By Paul Peterson
Master’s Thesis, University of Iceland, 2012
Introduction: One of the richest sources of linguistic and cultural data past and present lies in the field of onomastics, the study of names. This field owes its roots to traditional philology, which sought to explain the connections of language families by historical comparison of texts and attested linguistic data. This investigation is far from complete, and philology has itself branched out into numerous sub-fields, several of which could now be considered fields of their own (such as historical linguistics and material philology). Philology remains particularly strong in its ability to interpret the linguistic data of languages both ancient and modern, as well as to provide a better understanding of literature from which the linguistic data were drawn. I would be remiss to claim that onomastics, a sub-field primarily of linguistics and philology, has not seen its share of attention since its academic inception in the 19th century, but much of the work remains undone. After all, names play an integral part in language itself as a means to identify persons and places and how they are connected to and differentiated from one another. Similarly, names can also be used as evidence of linguistic forms not attested otherwise, all the while enriching and preserving a language’s stock of words.
Nicknames, which occur in all cultures and across all time periods, play a vital role in understanding and highlighting identity. They also provide a unique window into slang and popular culture less accessible through personal names alone. Their study encompasses wide-ranging interdisciplinary scholarship, including onomastics (name studies), historical linguistics, anthropology, history, and narratology. Old Norse nicknames themselves represent diverse forms of cultural expression from the lower levels of discourse, history, religion, and popular entertainment. They have left remnants across Northern Europe in place names, runic inscriptions, and the names of individuals in the saga corpus.

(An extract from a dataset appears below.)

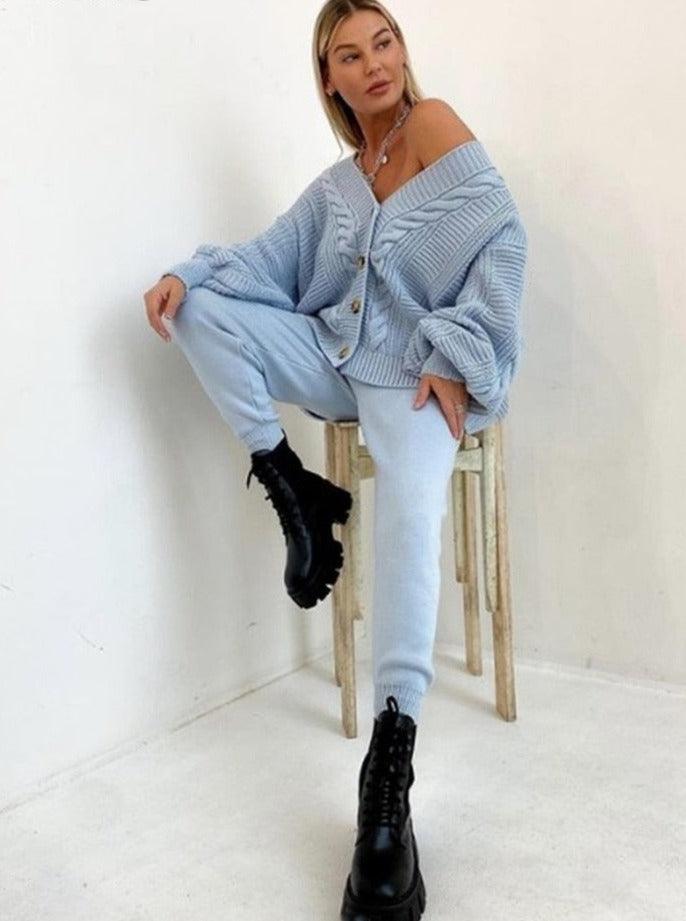 Frau in hellblauem Strickpullover und Jogginghose, schwarze Stiefel, lässige Mode.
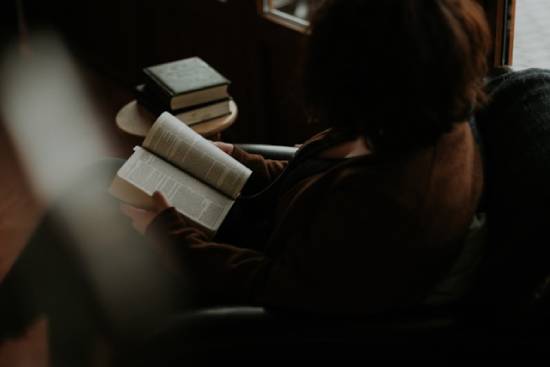 Personal Bible Study A woman with multiple versions of the Bible doing her personal Bible study while sitting on a sofa.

One simply cannot read a saga without encountering dozens of nicknames throughout the text, and recurring nicknames from saga to saga are common and thus provide a hitherto unexplored tool for studying saga transmission and intertextuality in Old Icelandic literature ‒ topics which have received only mild attention in saga scholarship of the last century. The largest word bank of medieval Scandinavian nicknames lies in the realm of medieval Icelandic literature, and the overall approach of my thesis will be to describe the use of nicknames across the Icelandic literary corpus in light of their Germanic origins, etymology, and role in the literature and its production. I will investigate the uses of nicknames in the family sagas within a cultural, anthropological, and narratological framework. I will seek to answer the questions: What role do nicknames play in expressing cultural sensitivities and ambiguities in medieval Icelandic and Scandinavian society? How did they develop and become so common especially during the medieval period? What role do they play in the literature and what do they tell about the culture?